侵略でもない進出でもない、対露防衛である。(愛国論その6)

---日本の歴史教科書は間違いだらけ---

捏造された日本史」という本を読んだ。黄文雄という台湾生まれの人が書いた本で、20世紀の歴史を戦後日本のいわゆる「進歩的文化人」と違って冷静に見ている。要するに世界史の流れを沈着に見ているのである。これは奇しくも私と同一見解である。
15世紀のポルトガル、スペインの大航海時代からの500年の歴史は、ヨーロッパの白人による世界「制覇」の歴史であった。最初はポルトガルとスペインによる地球の東西分割、その後オランダ、イギリス、そしてフランス等が順次出てきた。出遅れたロシアとアメリカは、19世紀になってから東洋に唯一残された日本を狙って来た。プチャーチンやペリーの来航その他である。(ペリー来航については、アメリカが太平洋鯨漁のための給水地を求めたのだという説もあるが)
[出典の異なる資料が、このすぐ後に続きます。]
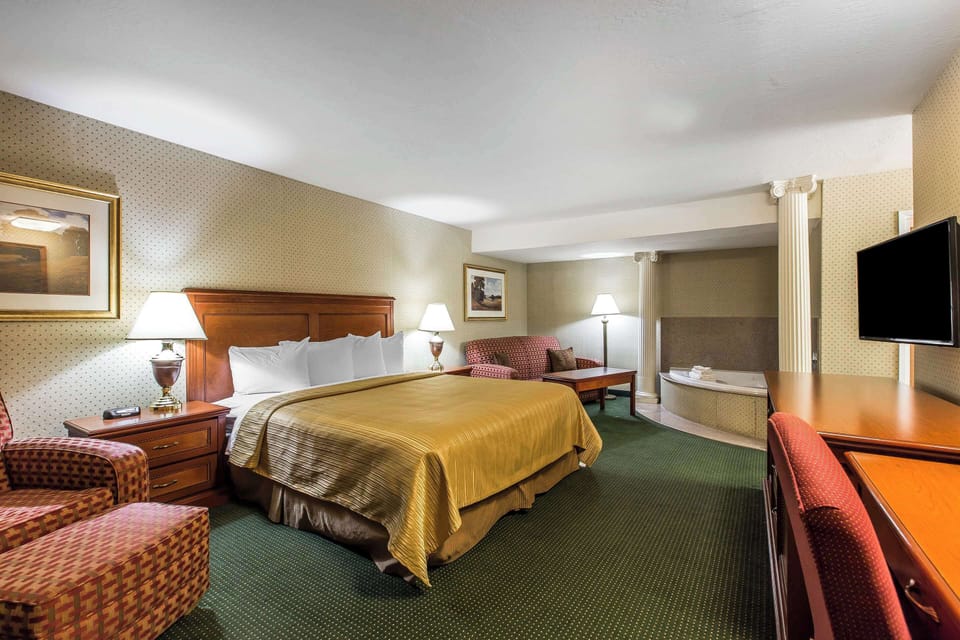 2 bedrooms, in-room safe, desk, iron/ironing board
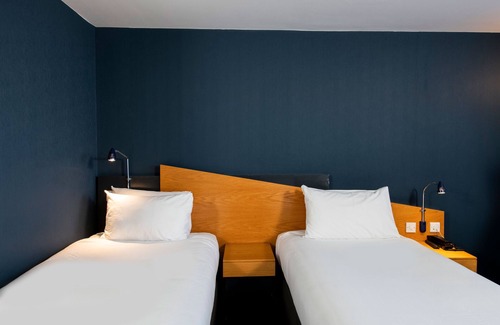 Coedkernew Hotel | Holiday Inn Express Newport by IHG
ロシアはその前に北海道近くや長崎に来たりしているが、幕末の日本もいろいろな対策をしていたので彼らの植民地にされないで済んだ。明治維新は最近世界的に見直され、フランス革命よりもロシア革命よりも、戦争による犠牲者が少なかったという意味で評価が上がっているそうだ。

そんな明治維新の後もロシアの野望はおさまらず、満洲から朝鮮を狙ってきた。朝鮮をロシアに占領されたら、日本もロシアに飲み込まれるのは明らかであった。そこで侵略国ロシアを防いだのが、日清戦争であり日露戦争なのである。このことを考えようともせず、やれ日本の侵略だ、そうでない進出だったとか議論しているのは、的外れもいいところである。そんな教科書の内容を外国から指摘されておたおたしている日本の国は、本当にどうかしている。他国の教科書の内容に嘴を入れるなんて内政干渉もいいところである。どこの国でも国史は自分の国に都合の良いように書いているではないか。


日露戦争終了時、国民は勝った勝ったと大喜びしたそうだが、実態はそんなものではなく、負けなかっただけ、といったところだそうだ。その辺はヨーロッパ人のBalance of Powerの感覚というのか、ロシアに日本まで占領させてはいけないということで、イギリスは日英同盟で味方をしてくれたし、アメリカはポーツマス条約で講和の仲人をしてくれた。

その後、第1次世界大戦を経て日本が国力を貯えたので、米英がこれ以上日本を発展させてはいけないと考えた。満洲事変が終わった頃、当時支那というのは清国が倒れた後の戦国時代で地方の軍閥が跋扈しお互いに民族同士の戦争をし合っていたのであるが、満洲国は日本軍の統治下であって支那に比べれば治安が良く、従って支那から長城を越えて満洲に逃げてきた人が数百万人に上るそうである。満洲は日本人の横暴が若干あったにしても、支那に比べれば天国のようなところだったのである。

だから、満洲国建設までは、ロシアの侵略を止めるという意味もあり良かったのだ。その後日本はアメリカの謀略で、支那事変以降の泥沼に入ってしまった。アメリカは蒋介石その他の軍閥(毛沢東も最初は軍閥に毛が生えたみたいなものだったと言ったら怒られそうだが。これにはソ連も支援したのだろう。)に支援を与え、日本の関東軍に対し挑発を繰り返させ、関東軍はそれに見事に引っかかってしまったというのが真相である。


アメリカ合衆国という国はすごい国で、世界制覇のシナリオを日露戦争終了の頃から極秘に描いていたのである。日本攻撃のシナリオは「オレンジプラン」と言った。日本ばかりでなく、レッドプランだったかなんだか忘れたが、イギリスを攻撃する計画もあったようだ。オレンジプランは何回も書き直され、真珠湾攻撃以後はほぼオレンジプラン通り進んだようである。オレンジプランばかりでなく、アメリカの戦略は先ず先方から戦争を仕掛けさせるというものだ。だから、日本が攻撃を仕掛けてくるとすれば、ハワイの真珠湾以外にない、というのもオレンジプランに載っている。ただ、日本があんなに旨くやるとは考えていなかったようではあるが。

このように、大東亜戦争まではアメリカの予定通りであったのだが、その後の民族自覚による独立国の増加は必ずしもアメリカの戦略ではなかったのではないだろうか。このようになったのは、日本の東南アジア占領統治が大いに貢献したことは、大体合意されているようである。日本人はもっと自分の国の歴史、及びそれを作った先人を誇りとし、世界に向かって卑屈にならないようにしたいものだ。